Description of the task
Would you print, word for word, only the lines running from the line with "Indigo and orchid guest bedroom photo" to the last line of the entries, without the pictures?

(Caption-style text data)
^^^^^^^^^^^^^^^^
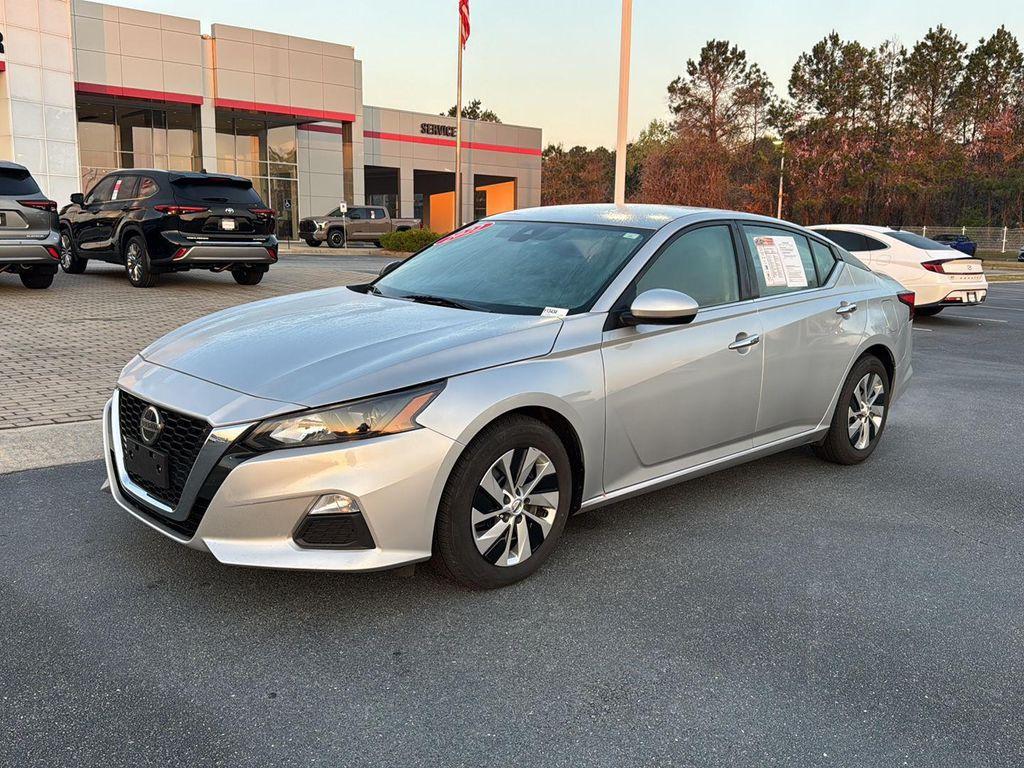 used 2022 Nissan Altima car, priced at $18,999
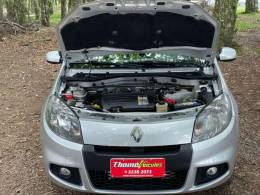 RENAULT - SANDERO - 2014/2014 - Prata - R$ 33.990,00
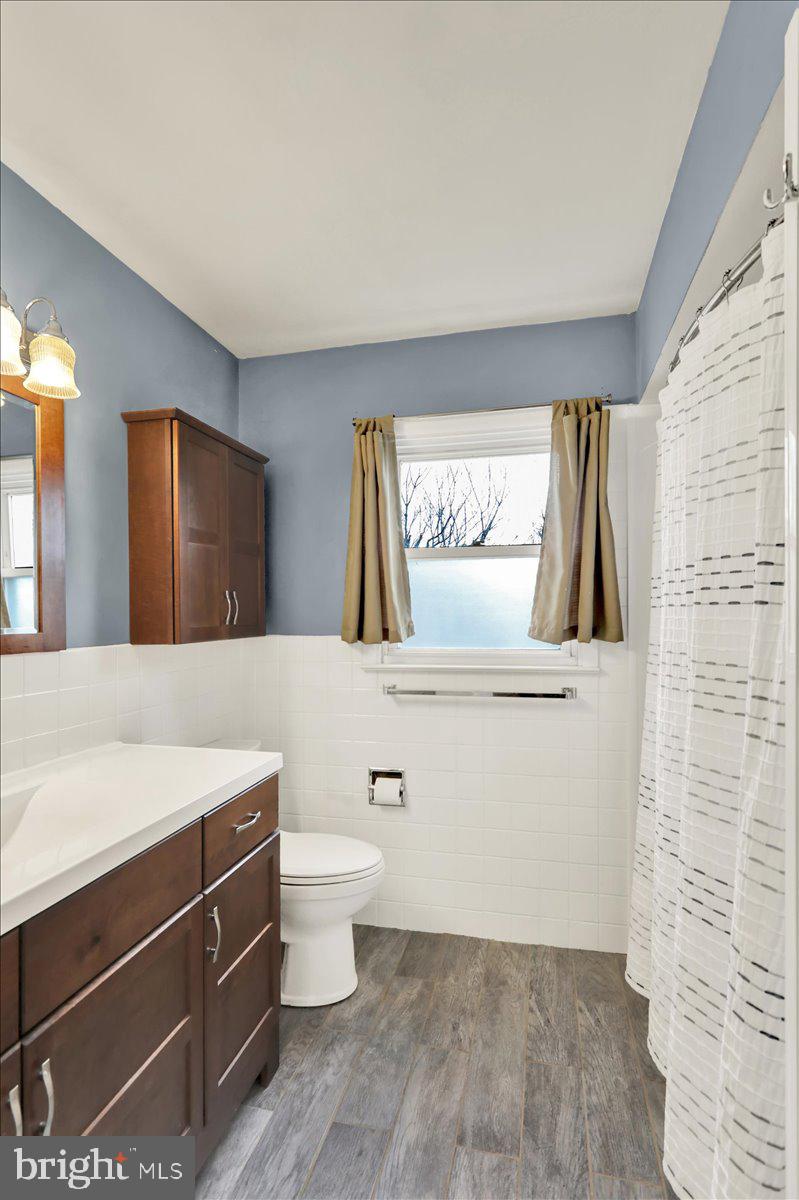 140 Oberlin Ave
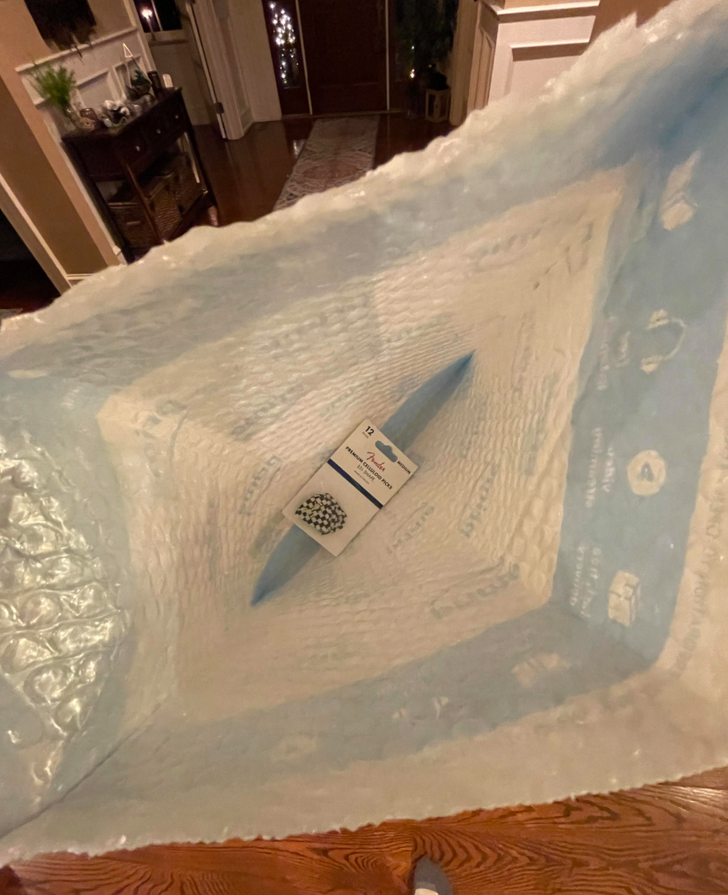 Illustration de l'article : 18 photos of excessive and pointless packaging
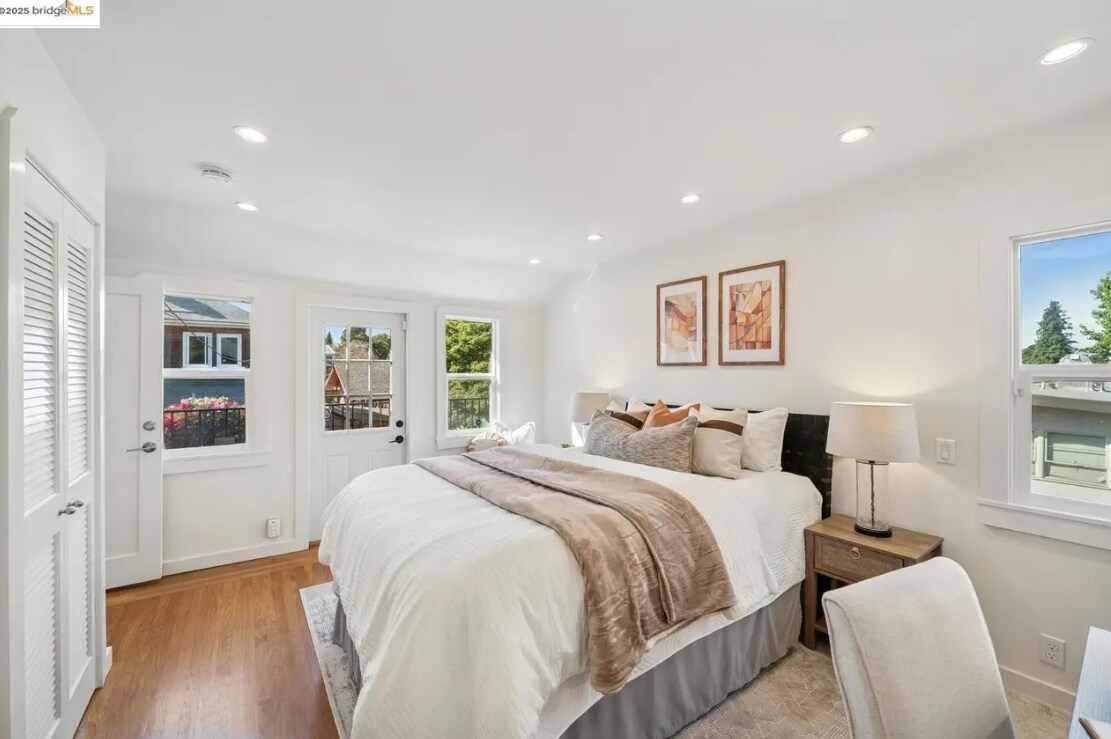 Building Photo - 2419 Webster St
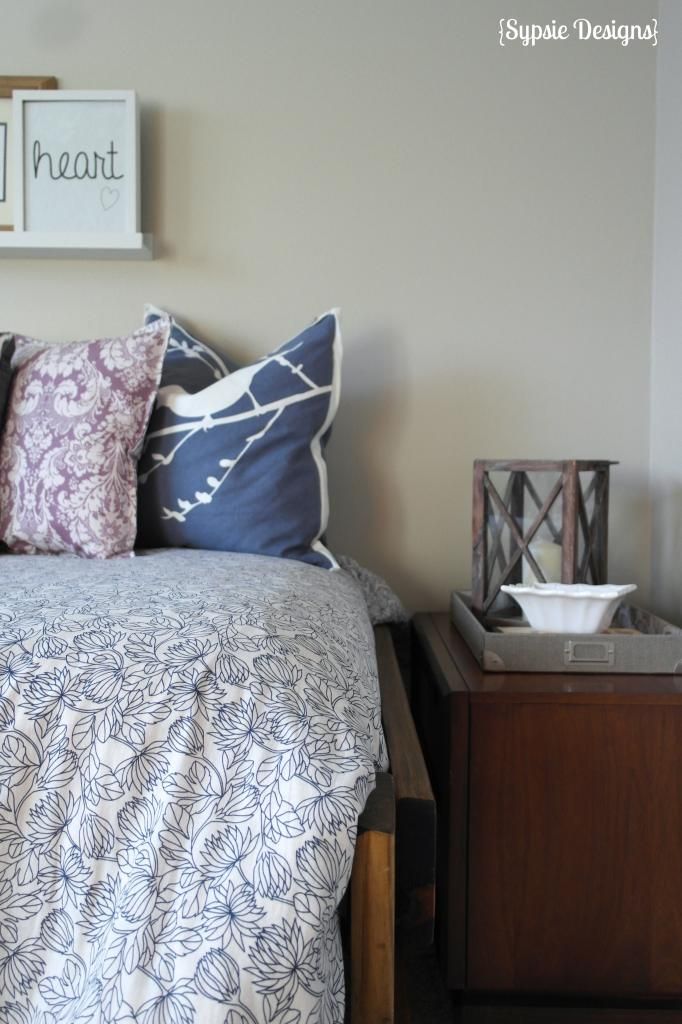 Indigo and orchid guest bedroom photo 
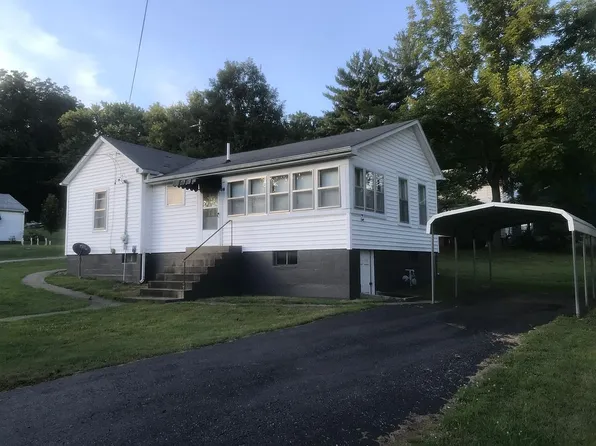 205 McCommons St, Dongola, IL 62926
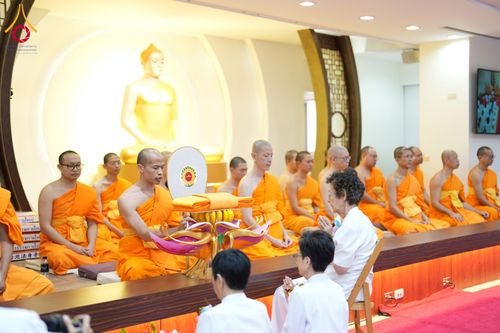 ภาพ No.183784:พิธีทอดกฐิน วัดพระธรรมกายไทเป ประเทศไต้หวัน  บูชาธรรม 80 ปี หลวงพ่อธัมมชโย โดยคณะศิษยานุศิษย์วัดพระธรรมกาย วันที่ 10 พฤศจิกายน พ.ศ. 2567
^^^^^^^^^^^^^^^^
Written reply
 Indigo and orchid guest bedroom photo 
 205 McCommons St, Dongola, IL 62926
 ภาพ No.183784:พิธีทอดกฐิน วัดพระธรรมกายไทเป ประเทศไต้หวัน  บูชาธรรม 80 ปี หลวงพ่อธัมมชโย โดยคณะศิษยานุศิษย์วัดพระธรรมกาย วันที่ 10 พฤศจิกายน พ.ศ. 2567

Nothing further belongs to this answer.